Accurate 3D spatial perception underpins generalisable robotic manipulation, but achieving reliable, high-quality 3D geometry presents a significant hurdle. Sizhe Yang from Shanghai AI Laboratory and The Chinese University of Hong Kong, alongside Linning Xu and Hao Li et al., address this challenge with their new model, Robo3R. This research introduces a feed-forward reconstruction model that predicts accurate, metric-scale scene geometry from RGB images and robot states in real time, offering a substantial improvement over existing depth sensors and reconstruction methods. By jointly inferring scale-invariant local geometry and relative camera poses, and unifying them within a learned global transformation, Robo3R delivers the precision necessary for complex manipulation tasks, demonstrably enhancing performance in areas such as imitation learning, grasp synthesis and sim-to-real transfer.
This innovation addresses critical limitations in robotic manipulation, where obtaining reliable 3D geometry has long been a challenge due to the noise and material sensitivity of conventional depth sensors.
Existing reconstruction models often lack the precision and metric consistency necessary for physical interaction, prompting the creation of this alternative sensing module. Robo3R jointly infers scale-invariant local geometry and relative camera poses, unifying them into a coherent scene representation within the robot’s coordinate frame via a learned global similarity transformation.

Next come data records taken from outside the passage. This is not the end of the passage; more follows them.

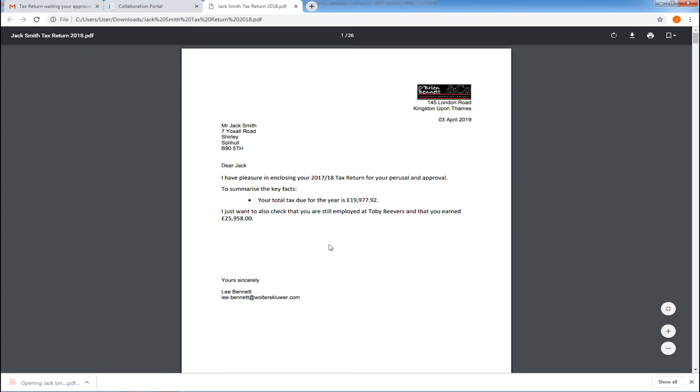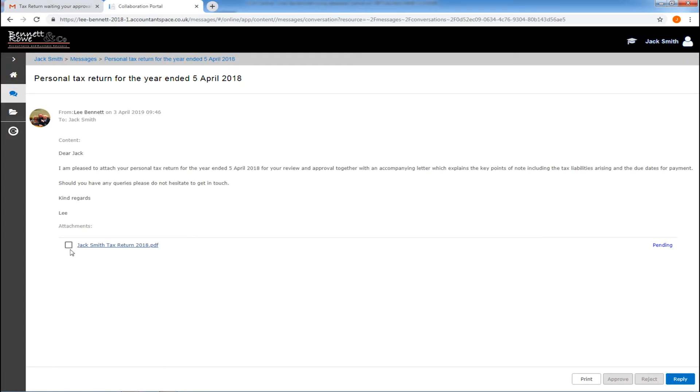Only once the client has viewed the document can they either accept or reject it with a password approval process.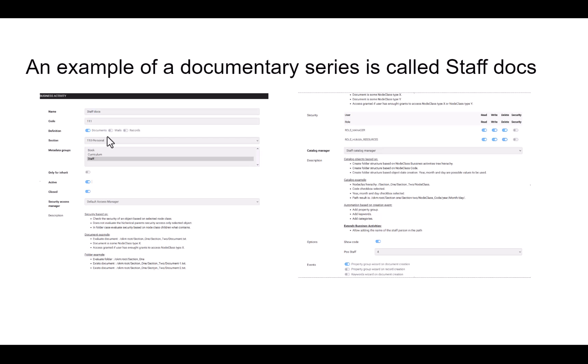The Security Access Manager defines the security logic used. The application allows you to create customized security types and establish which ones apply to each document series. For example, create dynamic security based on the metadata value, establish security for document series objects at the user level, or establish security at the group level.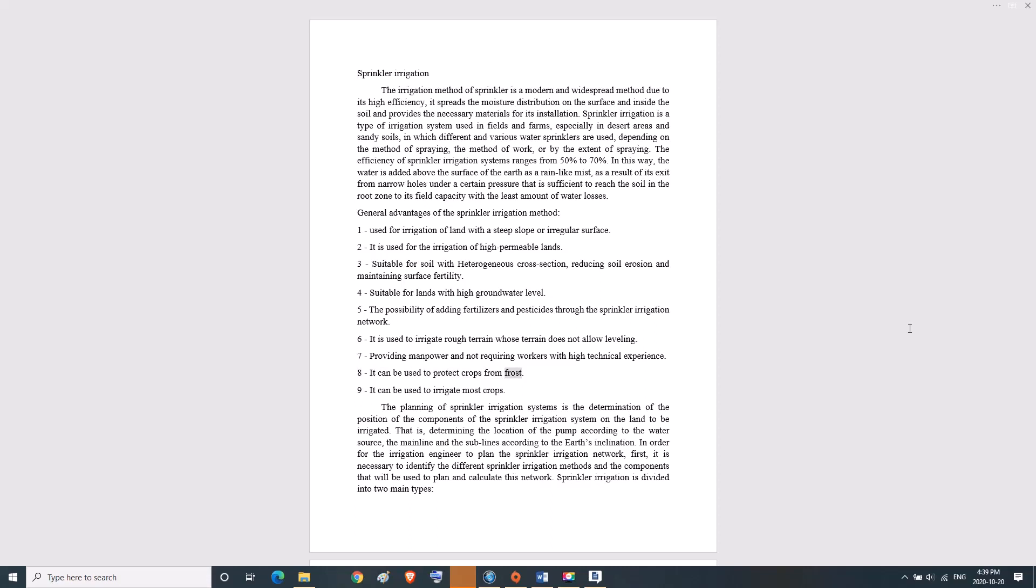Seven, providing manpower and not requiring workers with high technical experience. Eight, can be used to protect crops from frost. Nine, can be used to irrigate most crops. Planning of sprinkler irrigation systems is the determination of the position of components on the land to be irrigated.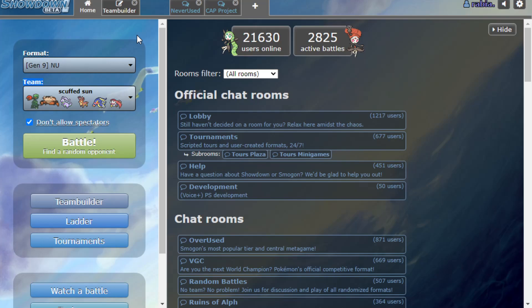Now we're using a very interesting team today, and it's a team that I've had in my builder probably since one of the first couple days of the tier. But when I built it, I immediately looked at it and said wow, this sucks, I'm never using it. But I like to lie, and I guess I lied because we're going to use it today.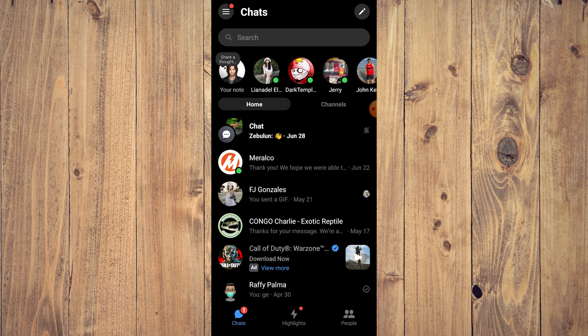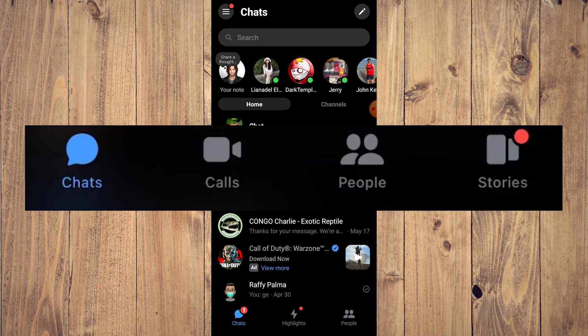As you can see, we have chats, highlights, and people. Originally you would have chats, calls, people, and stories. Now to find your call history, you need to tap on the calls option. But as you can see here, right now I am using a new Android phone and I don't have it.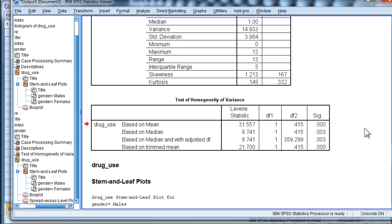Kruskal-Wallis also assumes it, and you can use the same test in this case. So that's how it's done.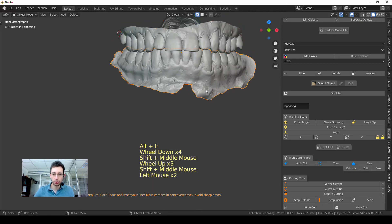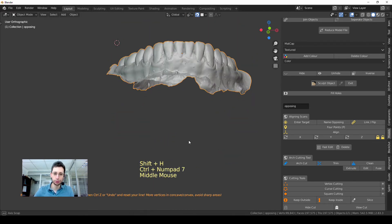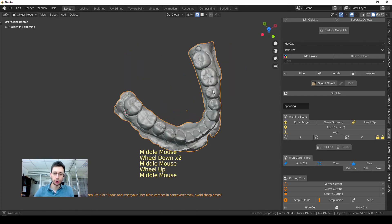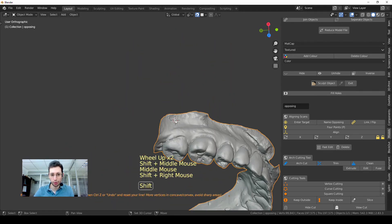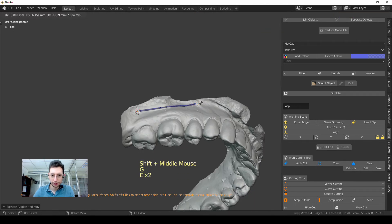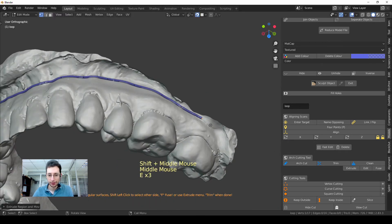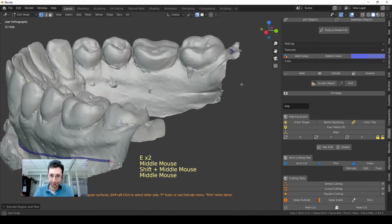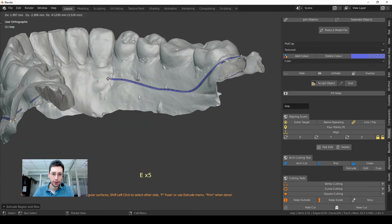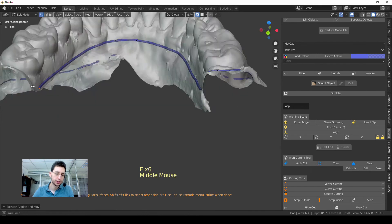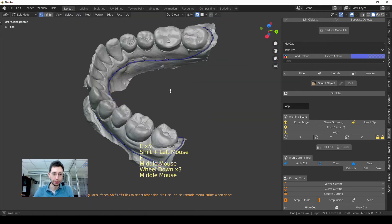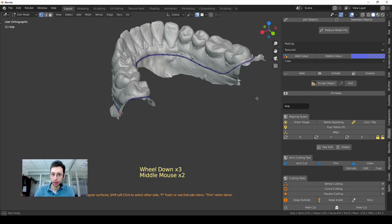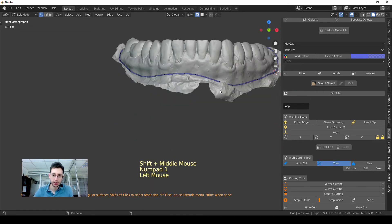The same thing for the lower model. I will do it a little bit faster in order to make this video shorter. Okay, it's done. Once I'm happy with my selection, I press Trim and then Clean for removing all the unnecessary parts.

To meet the demanding precision requirements of robotic manipulation, the model employs a masked point head, generating sharp, fine-grained point clouds. A keypoint-based Perspective-n-Point formulation further refines camera extrinsics and global alignment, ensuring accurate spatial understanding. Trained on Robo3R-4M, a newly curated large-scale synthetic dataset comprising four million high-fidelity annotated frames, Robo3R consistently surpasses the performance of state-of-the-art reconstruction methods and traditional depth sensors.
This dataset’s diversity and photorealism facilitate successful transfer to real-world manipulation scenarios, demonstrating the model’s robustness and adaptability. Extensive validation through downstream tasks, including imitation learning, sim-to-real transfer, grasp synthesis, and collision-free motion planning, reveals consistent performance gains when utilising Robo3R.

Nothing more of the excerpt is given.